A 2-1 Third Circuit panel today reversed a summary judgment in a price-discrimination case under the Robinson-Patman Act. The majority held that the district court erred by requiring too much proof of "competitive injury".
Michaels Foods, a supplier of egg and potato products, negotiated to charge below-list prices to Sodexho, a food distributor, but charged list prices to another food distributor, Feesers. The district court granted summary judgment because Feesers didn’t show that it lost customers due to Sodexho’s lower egg-and-potato prices.
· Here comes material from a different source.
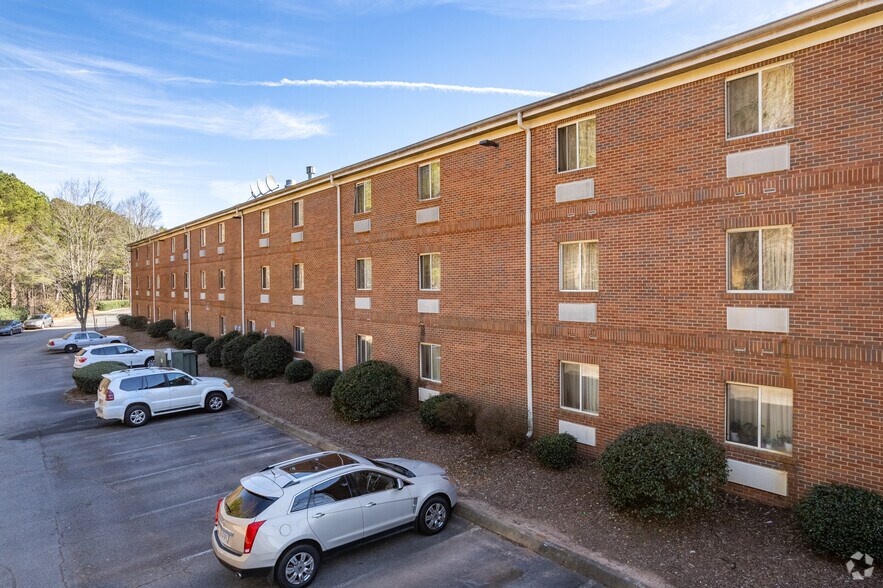 More Photos Of 7065 Jimmy Carter Blvd, Peachtree Corners Hotel For Sale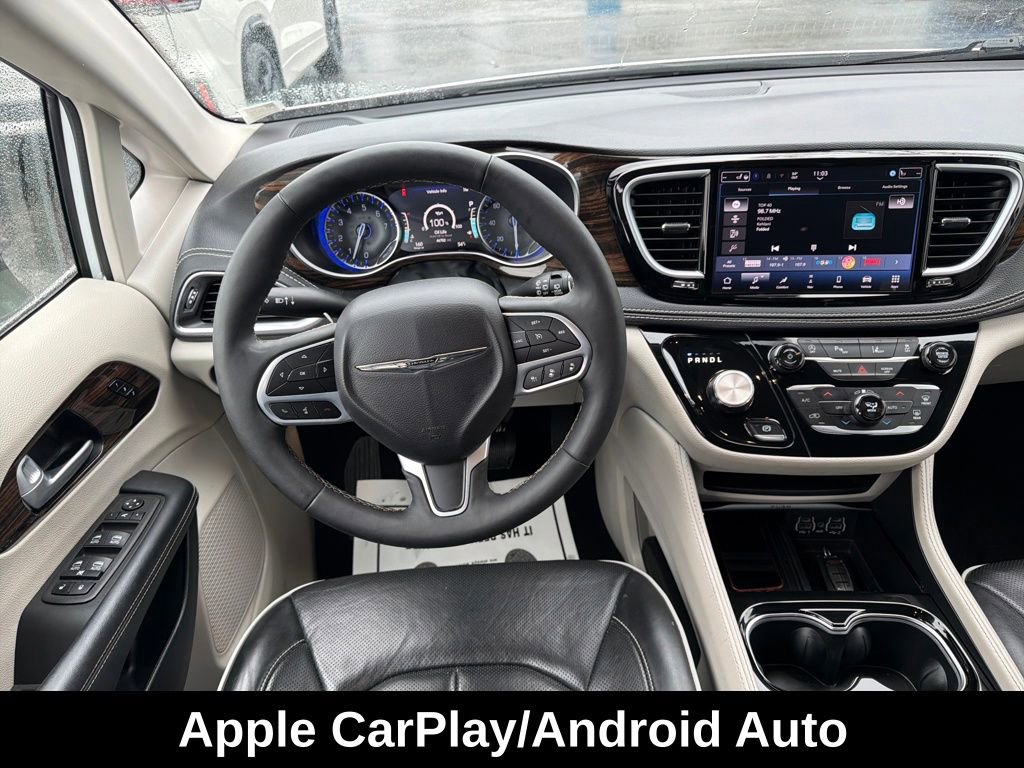 Used 2024 Chrysler Pacifica Limited image 17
The Third Circuit reversed:
In order to establish a prima facie violation of section 2(a), Feesers does not need to prove that Michael Foods’ price discrimination actually harmed comptition, i.e., that the discriminatory pricing caused Feesers to lose customers to Sodexho. Rather, feesers need only prove that (a) it competed with Sodexho to sell food and (b) there was price discrimination over time by Michael Foods. This evidence gives rise to a rebuttable inference of "competitive injury" under section 2(a). . . . The inference, if it is found to exist, would then have to be rebutted by defendants’ proof that the price differential was not the reason that Feesers lost sales or profits.
Feesers, Inc. v. Michael Foods, Inc., No. 06-2661, slip op. at 15-16 (3d Cir. Aug. 14, 2007) (emphasis in original; citations and footnote omitted).